How to recognise a concussion?

These lists will be super handy for anyone playing sports, being a team manager, coach or sports trainer; anyone with kids…

Keep in mind that symptom onset can be delayed and that it can be quite common!

Clear signs include:

  • Loss of consciousness
  • No protective action taken by athlete before hitting the ground
  • Seizure
  • Confusion/ disorientation
  • Balance disturbances or impaired coordination
  • Dazed/ blank stare
  • Behaviour change that is unusual for athlete

Possible subtle symptoms include:

  • Headaches
  • Patient “doesn’t feel right”, OR “pressure feeling in head”, OR feeling like they’re “in a fog”
  • Difficulty concentrating or remembering
  • Neck pain
  • Nausea and vomiting
  • Experiencing fatigue, drowsiness
  • Dizziness
  • Confusion
  • Blurred vision
  • Light or noise sensitivity
  • More emotional; anxiety, stress, irritability

What to do if you suspect a concussion?

  • First aid principles still apply
  • Neck injuries should be suspected if; there’s any loss of consciousness, neck pain, or traumatic mechanism that could lead to spinal injury. In this case use a hard collar until injury is ruled out (but only if you are trained to do so!)
  • DO NOT return to the game until cleared by medical professional (this includes on the day of the traumatic event)
  • Referral to medical professional or immediate dispatch to emergency department
  • Players should not be left alone for at least the first 2 hours after the impact

When to go to the hospital?

  • Neck pain
  • Increasing confusion, agitation or irritability
  • Repeated vomiting
  • Seizures or convulsions
  • Weakness, tingling or burning in the arms/ legs
  • Deteriorating conscious state
  • Severe or increasing headache
  • Unusual behaviour change
  • Double vision


  • Observation and testing by a health professional. There are some screening questionnaires your health professional may conduct on your to determine the severity and the best course of action for your concussion. This is often then repeated to show your progress over time. As mentioned above, the severity of your symptoms may require you to present to the emergency department for observation.
  • Rest! This includes both physical and mental rest so not only will you need time off your chosen physical activities or sport but you will likely need to take it easy for your work or study too.
  • Pain relief as needed. This can be helpful for the headache that can result from the traumatic impact that caused your symptoms.
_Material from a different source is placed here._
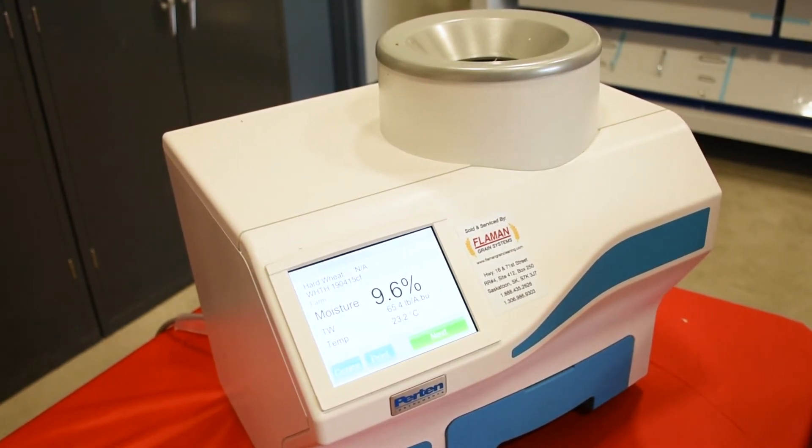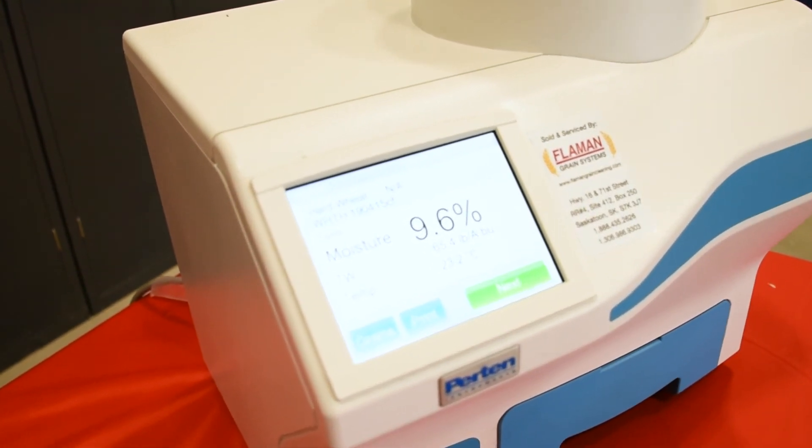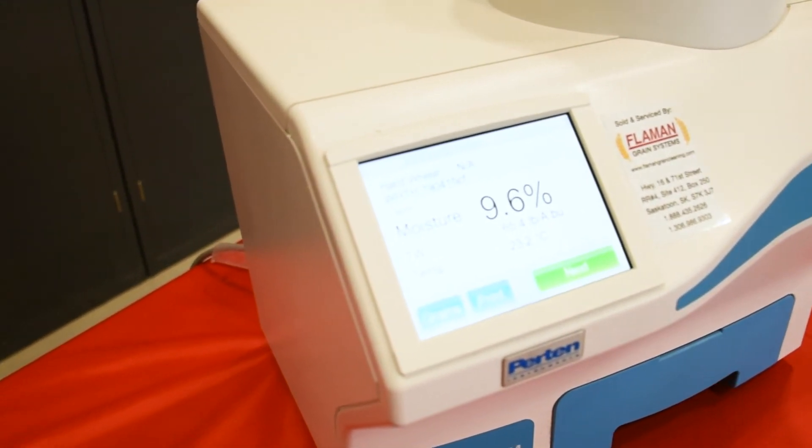If you want to do another sample, you hit next. It saves the grain you were testing and you just pour the sample in the top and hit go.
If the player is under 18, there is evidence to suggest a slower rate of recovery. A more conservative approach is recommended so that the child does not return to contact/collision activities less than 14 days from resolution of all symptoms.

How can your osteo help?

Obviously concussions are not one of the injuries that are in our wheelhouse. BUT … if you have an osteopath that you see regularly, we will keep a record of your concussion history and help you manage the symptoms and return to your sport of choice. We can also obviously help with any neck or back pain or stiffness that arises from the trauma that caused the concussion (after allowing the concussion symptoms to settle and ensuring no underlying damage to the brain of course).

If you have a history of multiple concussions, especially in an under 18 player, it is important to have a health professional that you report each and every concussion incident to, no matter how mild you think it may be. The more concussions you have the slower the recovery time, just like it is if you strain your hammy multiple times, someone needs to help you monitor and manage that so whether it is us or your GP or another health professional is fine but you need to keep updating one of us. Promise? Good!!

Side note: Have you seen the 2015 Will Smith movie called ‘Concussion’, very eye opening!